#### [EXERCISE]
Would you transcribe the lines running from the one that holds "Depend Night Defense" to the last line of the records? Leave every picture out.

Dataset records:
- - -

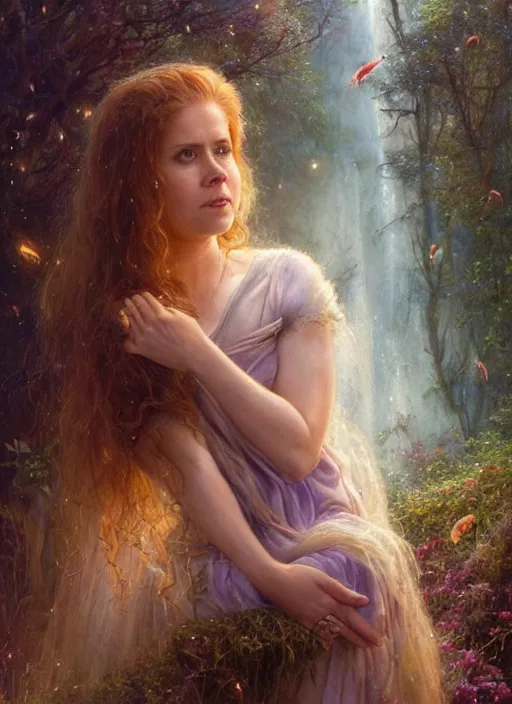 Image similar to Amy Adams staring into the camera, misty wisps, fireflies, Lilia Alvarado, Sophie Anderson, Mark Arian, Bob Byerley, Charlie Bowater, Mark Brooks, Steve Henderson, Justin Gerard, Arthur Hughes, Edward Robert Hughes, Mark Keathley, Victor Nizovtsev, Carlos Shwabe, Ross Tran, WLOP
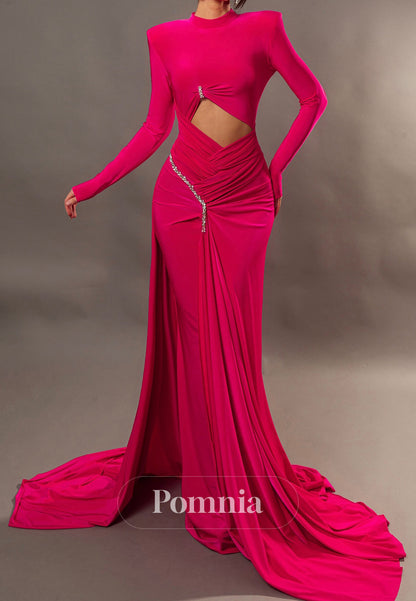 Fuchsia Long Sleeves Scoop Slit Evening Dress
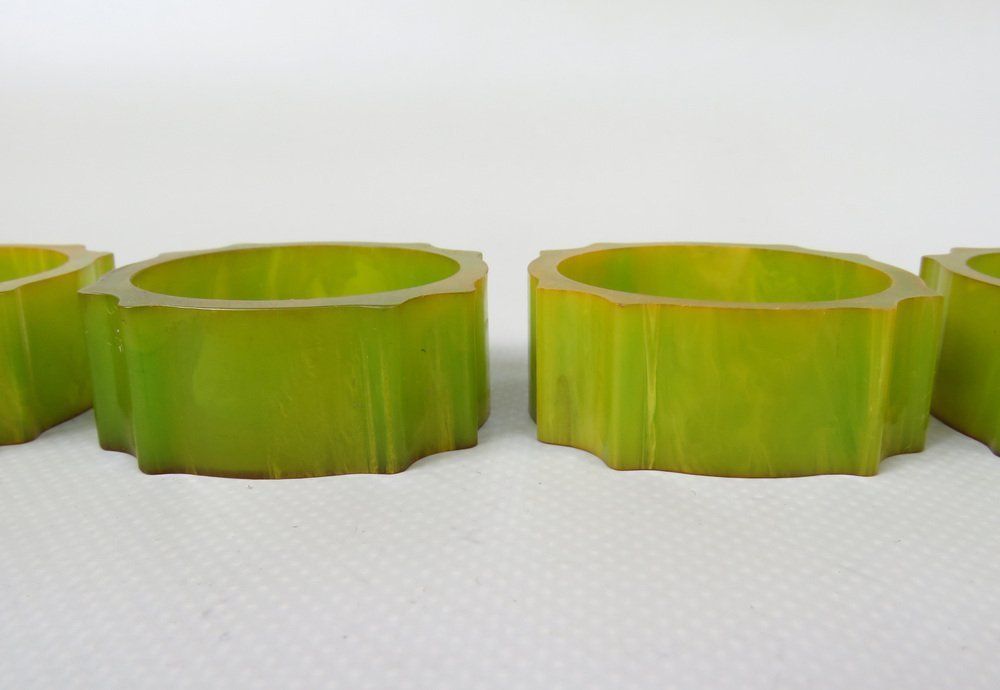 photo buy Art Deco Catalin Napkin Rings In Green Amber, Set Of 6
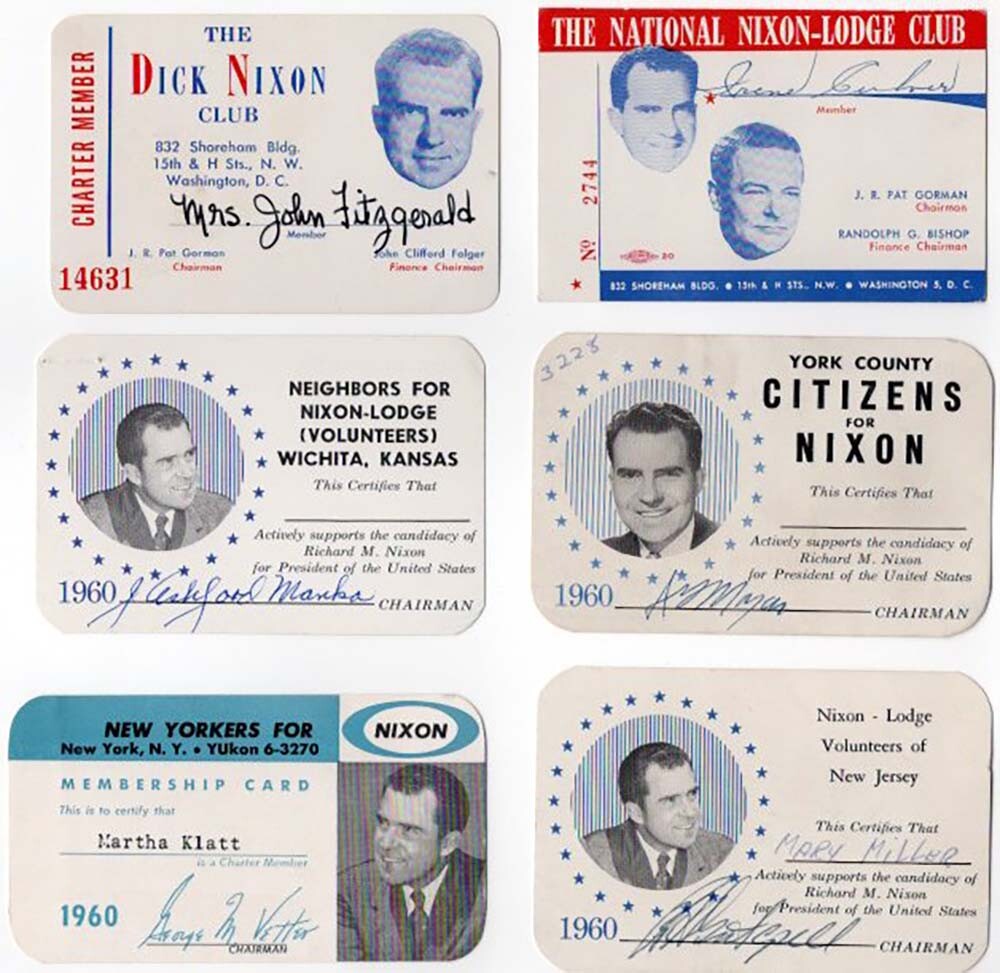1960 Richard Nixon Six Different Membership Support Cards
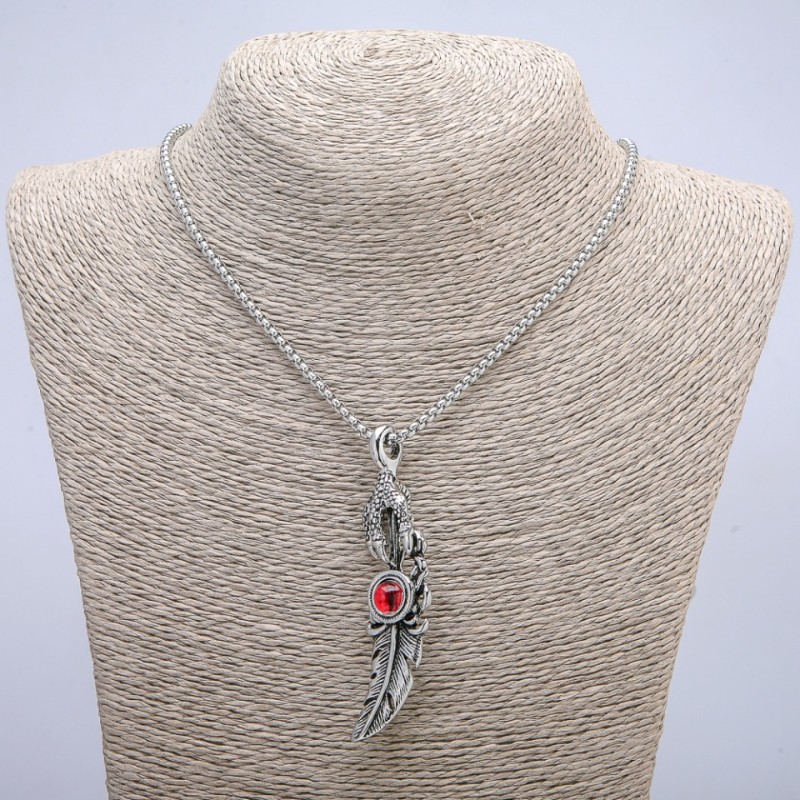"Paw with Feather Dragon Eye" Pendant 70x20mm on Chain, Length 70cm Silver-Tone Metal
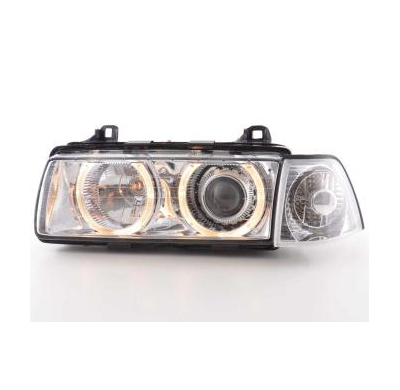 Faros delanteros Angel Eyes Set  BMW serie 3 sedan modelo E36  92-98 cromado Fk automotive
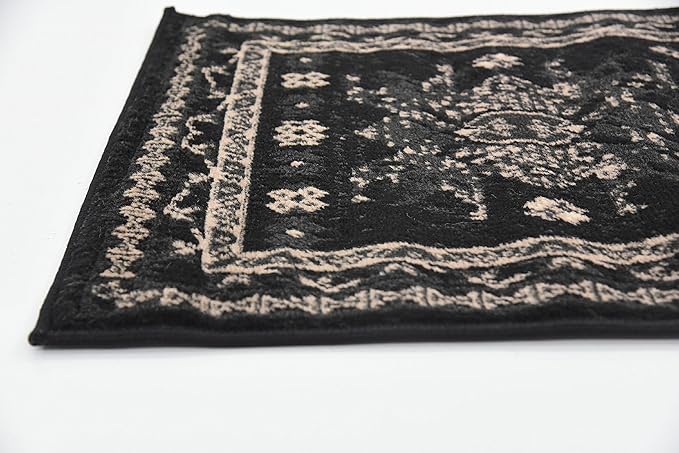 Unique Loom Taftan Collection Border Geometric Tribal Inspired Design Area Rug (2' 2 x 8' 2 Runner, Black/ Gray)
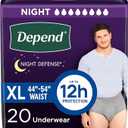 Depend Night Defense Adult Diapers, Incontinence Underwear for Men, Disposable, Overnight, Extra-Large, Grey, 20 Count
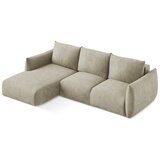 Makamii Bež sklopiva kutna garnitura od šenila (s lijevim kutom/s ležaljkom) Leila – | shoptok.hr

- - -

#### [REPLY TO THE EXERCISE]
 Depend Night Defense Adult Diapers, Incontinence Underwear for Men, Disposable, Overnight, Extra-Large, Grey, 20 Count
 Makamii Bež sklopiva kutna garnitura od šenila (s lijevim kutom/s ležaljkom) Leila – | shoptok.hr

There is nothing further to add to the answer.